**Assignment**: What is needed is an exact transcription of the listing, with the images removed.

**Supplied material**:

□ □ □

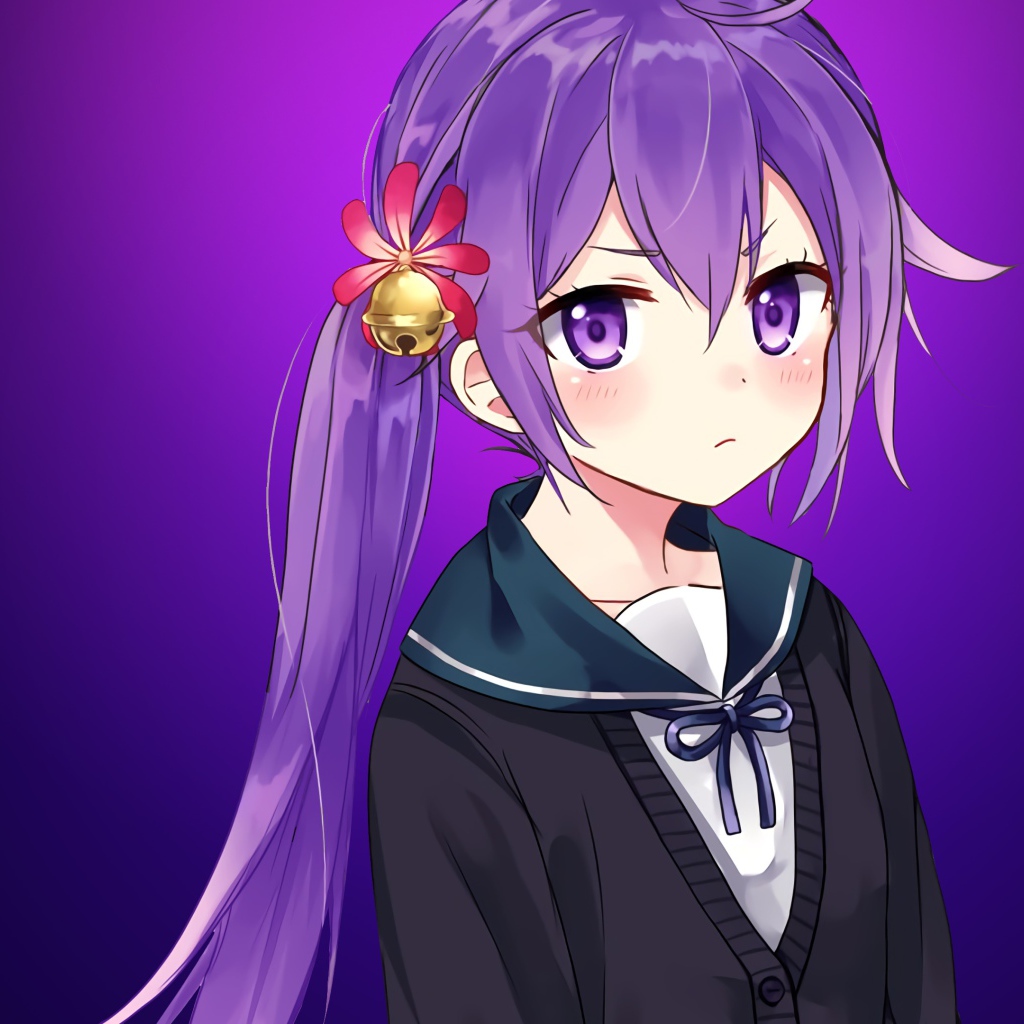 Девушка аниме с фиолетовыми волосами 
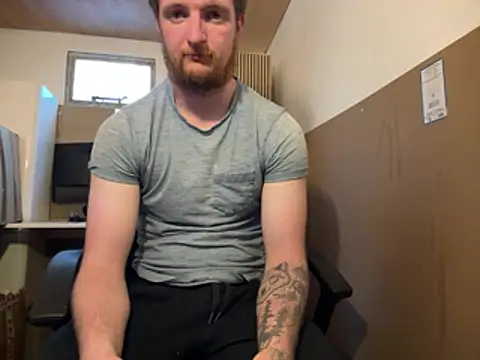 buzzard27 online show from July 16, 2026, 6:49 pm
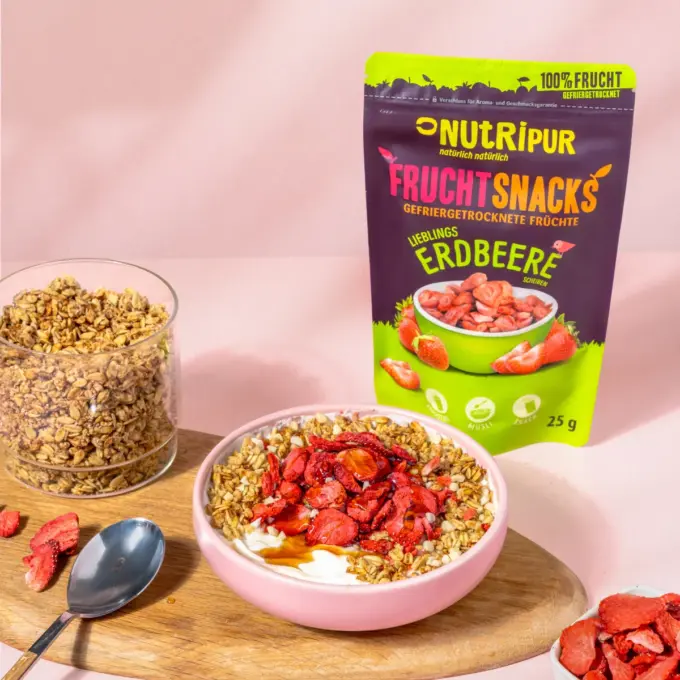 Billedet viser frysetørrede jordbær i skiver i müsli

□ □ □

**Expected answer**:
 Девушка аниме с фиолетовыми волосами 
 buzzard27 online show from July 16, 2026, 6:49 pm
 Billedet viser frysetørrede jordbær i skiver i müsli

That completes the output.